Two Nigerian lenders – Zenith Bank Plc and Access Bank Plc – are among the list of financial institutions from Africa and the Middle East that have indicated an interest in the acquisition of Union Bank Plc and other African assets of Atlas Mara Group, a Pan-African banking group.
Bloomberg which disclosed this quoted sources familiar with the matter to have disclosed that Atlas Mara Limited, the London Stock Exchange-listed pan-African banking group started by Mr. Bob Diamond has received a number of approaches for its 49.97 per cent holding in Lagos-based Union Bank of Nigeria.
Zenith Bank Plc and Access Bank Plc are among the suitors that have expressed interest alongside other African rivals such as Morocco’s Attijariwafa Bank, the sources said.
THISDAY also confirmed the development from sources in the two tier-1 banks, who also pleaded to remain anonymous.
Middle Eastern banks and private equity suitors have also shown interest, according to the sources. Some potential buyers have indicated that they may acquire all of Atlas Mara’s remaining assets in Africa, which would include its Zimbabwe unit, they said.
Atlas Mara has been working with Rothschild & Co. to consider options for its Union Bank stake.
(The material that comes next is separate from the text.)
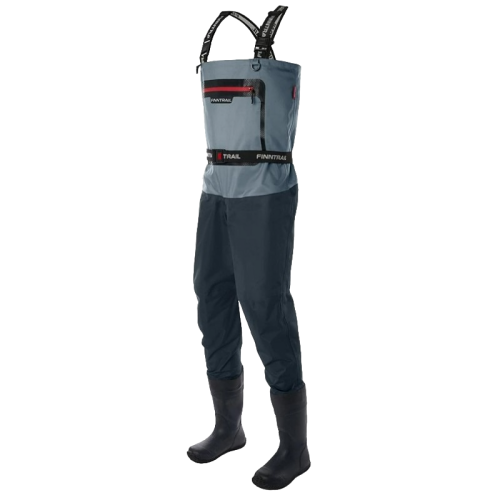 Finntrail Вейдерсы Airman 5260 Grey в Екатеринбурге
No final decisions have been made, and there’s no certainty the deliberations will lead to a transaction, the people said.
Representatives for Atlas Mara and Zenith Bank didn’t immediately respond to requests for comment. Attijariwafa Bank Managing Director Ismail Douiri and a representative for Access Bank declined to comment.
A deal could bring down the curtain on Atlas Mara’s African foray after Diamond, a former Barclays Plc chief executive officer, misjudged competition on the continent and overpaid for acquisitions. The company said recently that it’s secured regulatory approval for the sales of its businesses in Botswana and Mozambique and received interest in other assets, without elaborating.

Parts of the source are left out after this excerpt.